L'une sur la souffrance animale, puisque dans cette paracha, il est interdit d'abattre un animal le même jour que son petit. On s'imagine qu'il s'agit de la souffrance animale au sens immédiat, généralement projectif, identificatoire ; il ne faut pas que la mère ou le père animal souffre de voir abattre sous ses yeux son enfant. Or on pourrait abattre la vache ou le bœuf, pendant que leur petit, étant avec d'autres, ne voit pas l'abattage. Il y va donc d'un argument plus profond. Dire qu'il y a une alliance de l'être avec les hommes, les animaux, les plantes…, alliance symbolisée suite au déluge, signifie que les animaux ont un rapport vivant à l'être, un ancrage dans l'être vivant qui dépasse le mécanique, le dispositif, le technique. Non seulement ce ne sont pas des machines, mais ils sont capables de désir, d'amour, de langage ( le leur), même s'il n'ont sans doute pas la pensée interprétante génératrice de création comme la pensée humaine. Cela veut dire qu'ils relèvent de la différence ontologique, entre l'être et ce qui est, différence qui se décline notamment en différence des générations. C'est cette différences qu'il s'agit de respecter, de ne pas abolir : un être vivant ne doit pas être convoqué à la mort en même temps que ce qu'il a transmis à la génération suivante. (On sait que les nazis se sont fait un plaisir de tuer en même temps les mères et leurs enfants). Le texte fait donc place à une souffrance inconsciente : si l'animal est abattu le même jour que son petit, même s'ils ne se voient pas à ce moment-là, ça se sait par l'être que la différence des générations est abolie sur un point vital. Et c'est ce que le texte refuse.

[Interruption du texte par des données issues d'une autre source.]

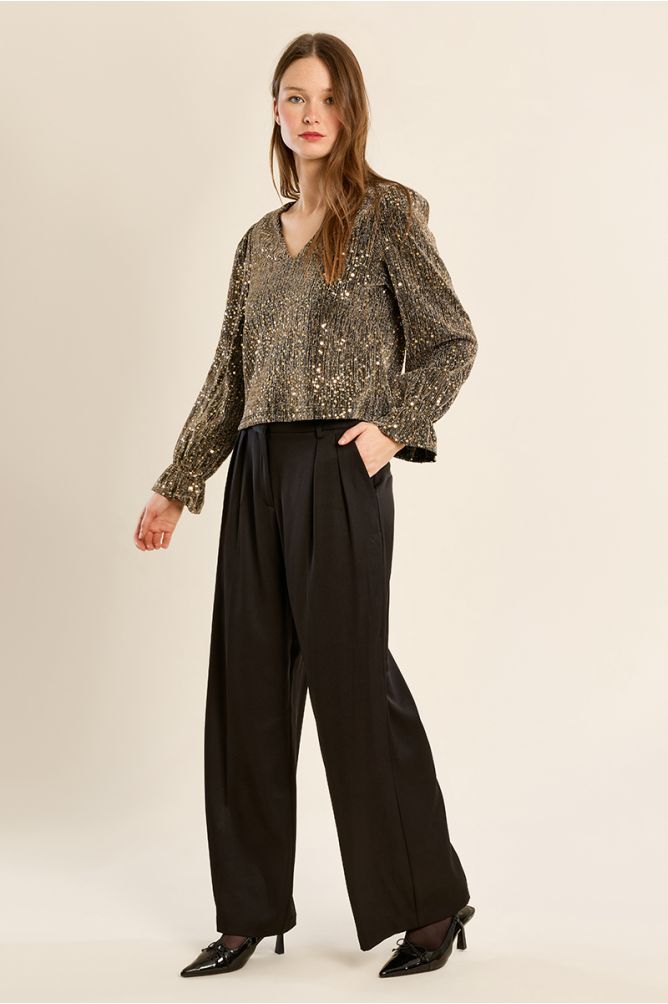 Blouse col V, strassée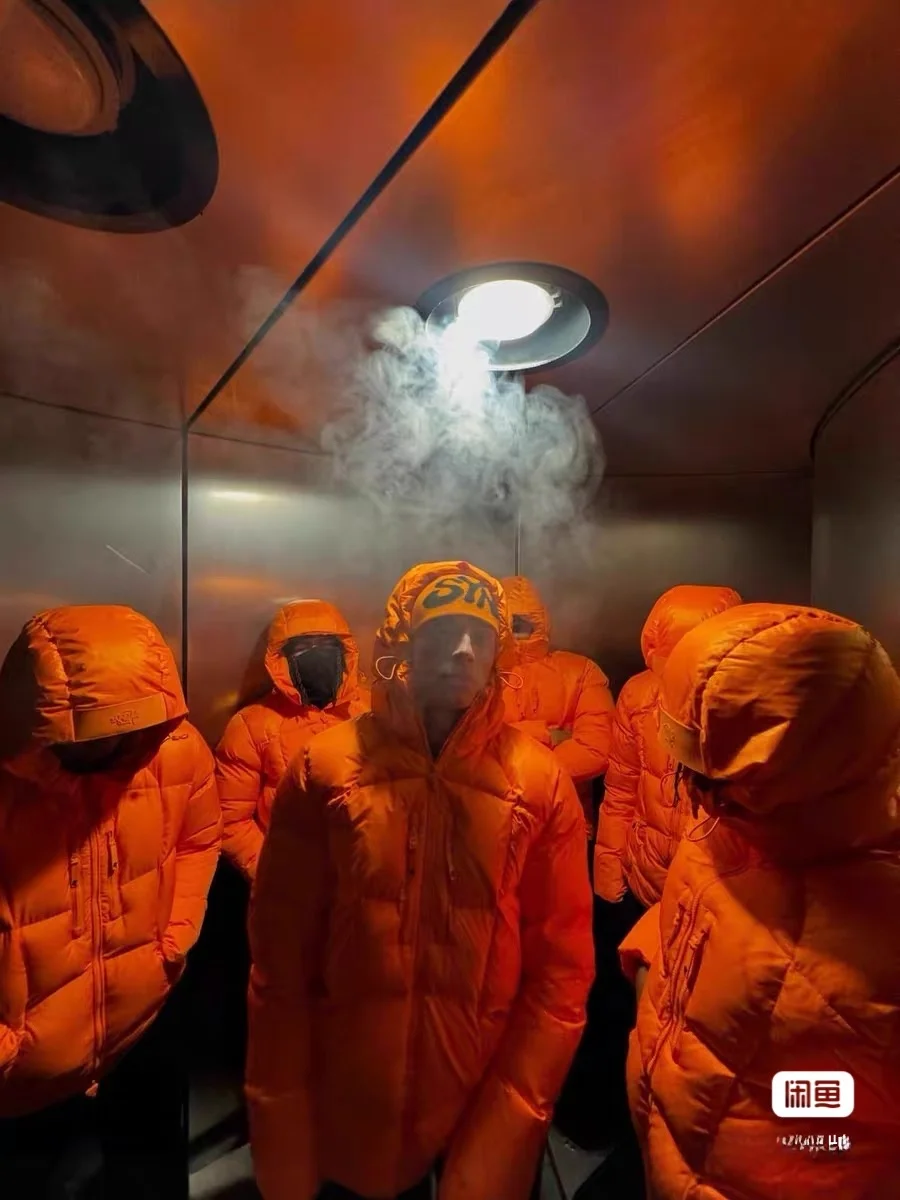 Syna World Orange Hooded down Jaet American Street Sle New Arrival Autumn Winter Thiened Warm Soft Comfortable Ci Casual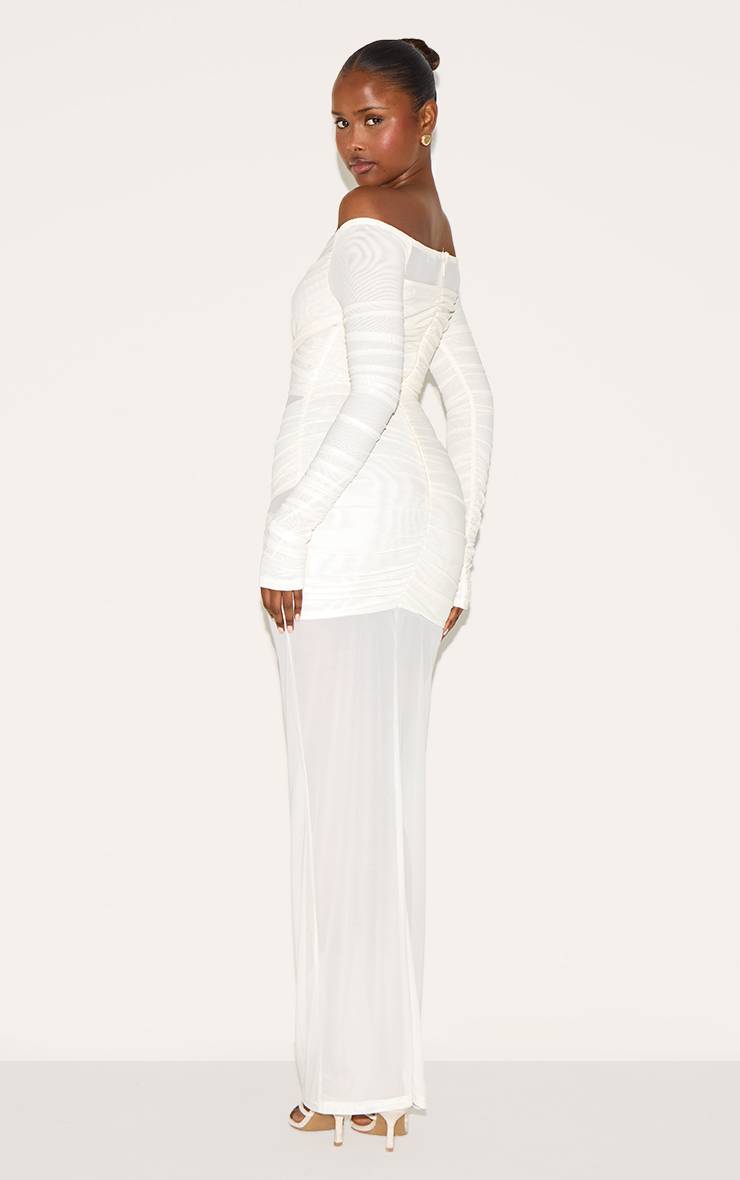 Crème Robe Longue Froncée À Superposition En Mesh Avec Décolleté Bardot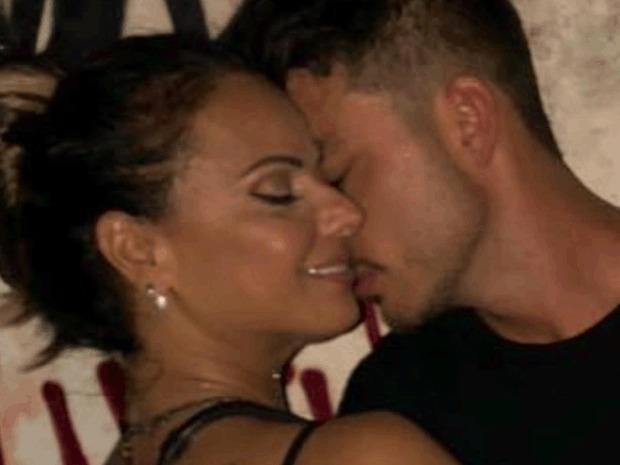 Em seu aniversário, Viviane Araújo se declara para namorado na web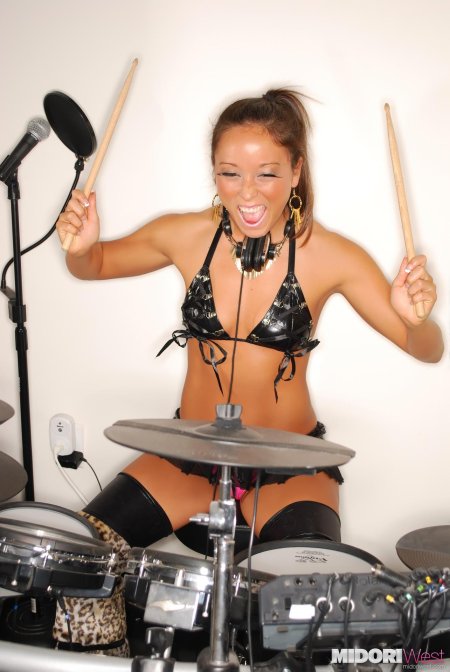 Sina drummer барабанщица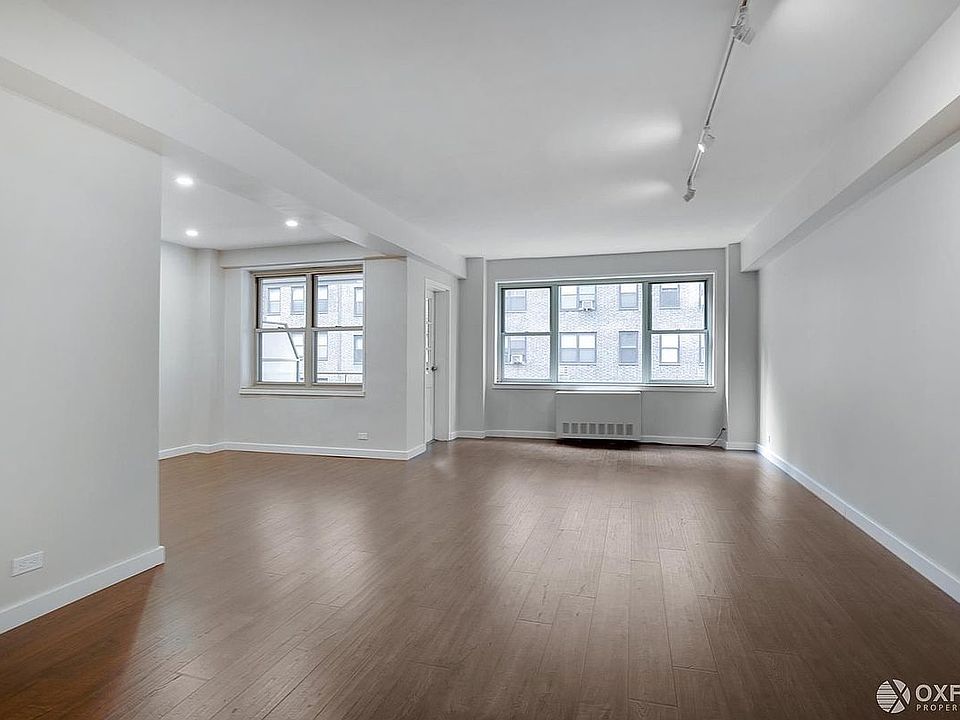 1st image of 415 E 52nd St #5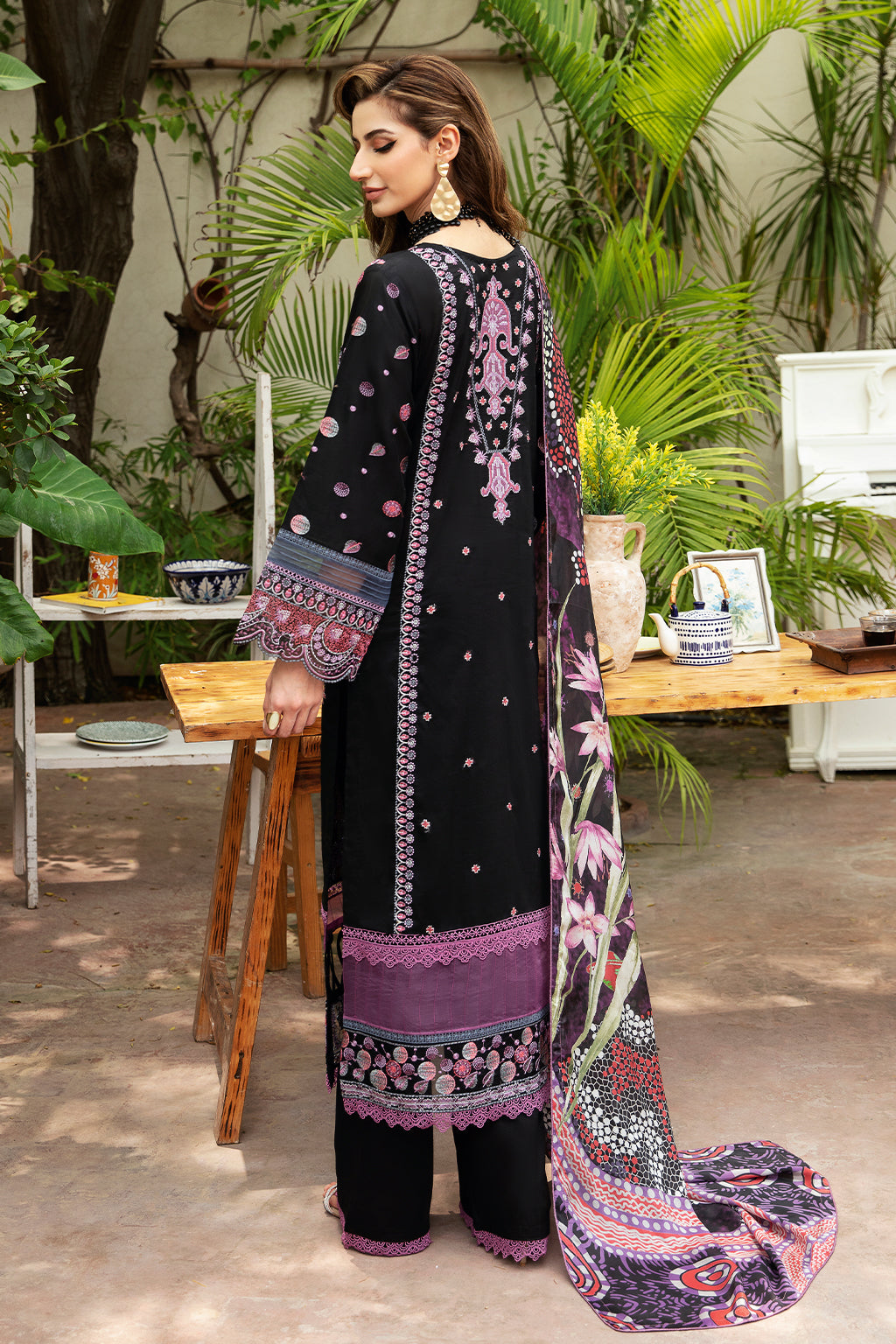 Ramsha | Luxury Lawn 24 | Y-806 - House Of Anaya
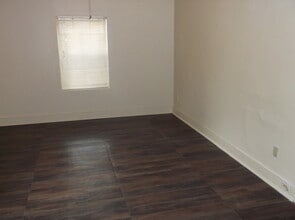 1000 N Dunlap St in Memphis, TN - Building Photo - Building Photo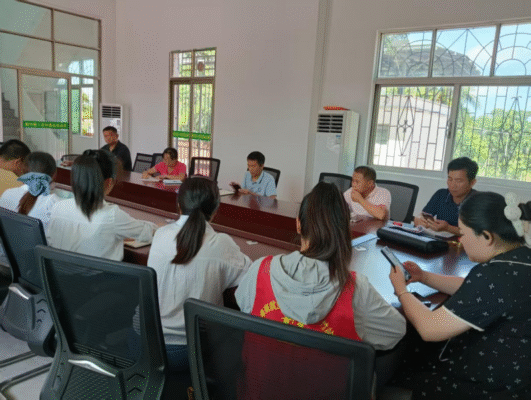 海南就业驿站定安新竹站走访企业、深耕乡村筑牢就业服务桥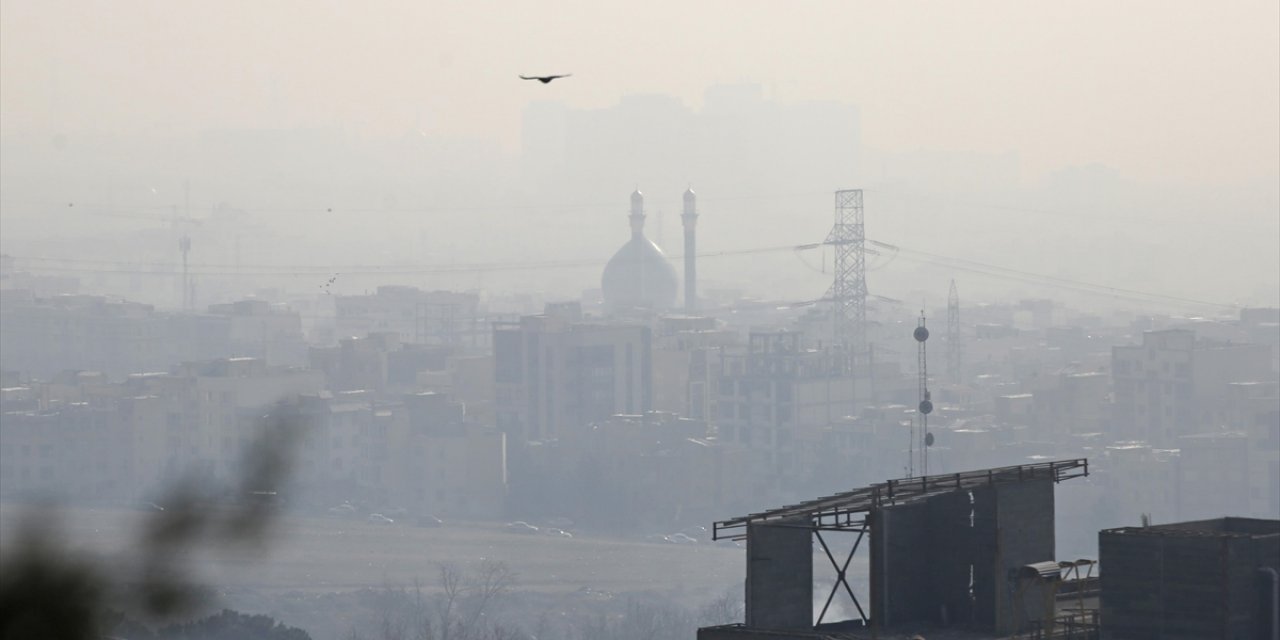 Tahran’da Hava Kirliliği "Kırmızı" Seviyeye Çıktı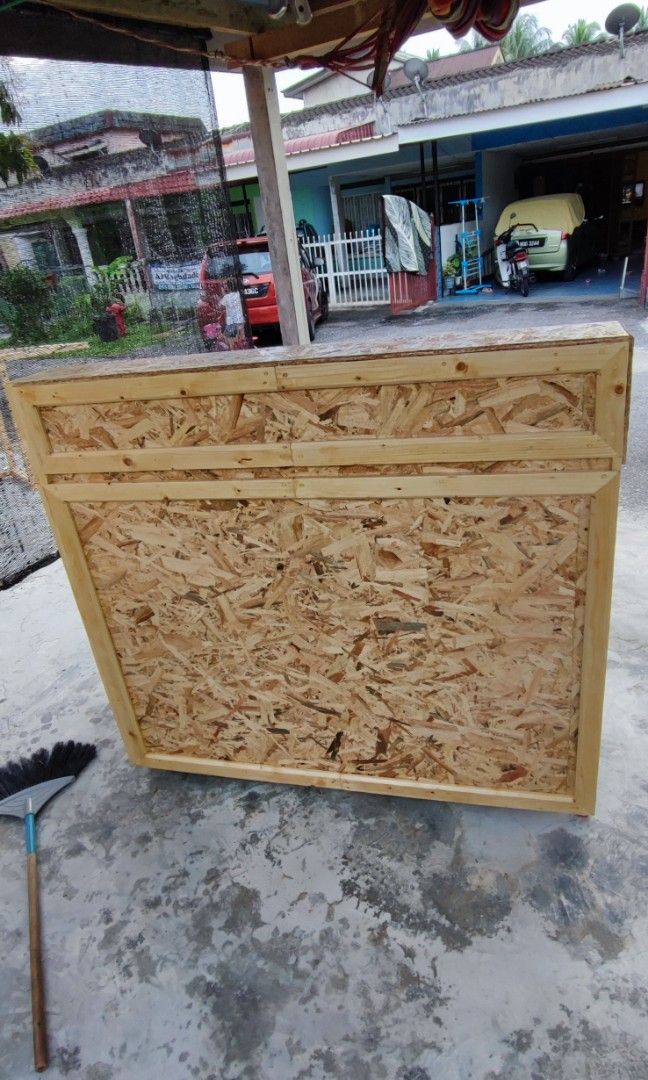 Meja kaunter Kedai Kayu, Furniture & Home Living, Furniture, Tables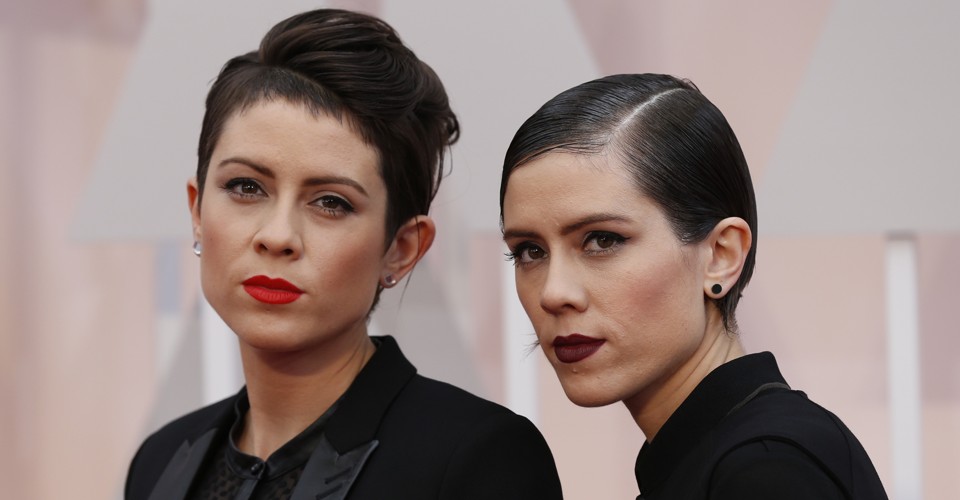 Review Tegan And Sara S Album Love You To Death Tinkers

L'autre remarque concerne l'homme qui maudit le nom divin, et qu'on lapide. Toutes sortes d'exégèses s'activent autour de lui. Qu'a-t-il donc fait ? Certains disent qu'il a voulu changer la loi, d'autres qu'il a voulu changer la réalité, celle du monde ou celle de son identité (sa mère était de la tribu de Dan, et son père était égyptien, donc il n'était pas, lui, contrairement à son voeu, de la tribu de Dan, car il eût fallu que le père le fût…) Mais qu'il ait voulu ceci ou cela, mérite-t-il la mort ? C'est peut-être à l'occasion de telle circonstance que, prenant appui sur son père égyptien, il a maudit l'être divin qui justement avait extrait ce peuple d'Égypte. Le texte est sobre : il a maudit( littéralement : amoindri, allégé) le nom de YHVH. C'est là un acte précis : maudire l'être c'est renier sa propre présence dans l'être; symboliquement, c'est ne pas être, c'est arracher son ancrage dans l'être ; c'est n'avoir plus lieu d'être, c'est donc être déjà mort, enseveli, recouvert de pierres comme l'indique l'image lapidaire. Certes, pour maudire l'être qui vous fait être, (certains maudissent bien leurs parents qui les ont fait venir au monde, et c'est d'ailleurs sanctionné par le fait d'être mort, mort à quelque chose d'essentiel, d'originaire), pour faire cela, il faut être dans une haine passionnée où l'on est soi-même emporté, comme sujet et objet à la fois; c'est donc une auto-destruction, qui est simplement reconnue, exécutée par le peuple.
Ce principe général n'empêche pas de penser aux circonstances, celles qui font, par exemple, que certains juifs " partiels", qui ne le sont pas de père et de mère, se voient refuser par l'institution, c'est-à-dire par ceux qui la représentent, l'accès à la communauté ou à ses rites ( bar-mitsva, mariage avec bénédiction, etc.) Ils peuvent être saisis d'une grande colère et maudire, non pas le nom de YHVH, qui n'est pas assez concret pour eux, mais le peuple juif, sa tradition, son texte, sa transmission qui s'est refusée à eux du fait qu'ils sont partiels, alors que nul ne peut et ne doit prétendre à une quelconque totalité. C'est souvent parmi eux qu'on retrouve des indifférents hostiles ou amers, et des activistes antijuifs qui ont simplement inversé en négatif leur désir d'appartenance.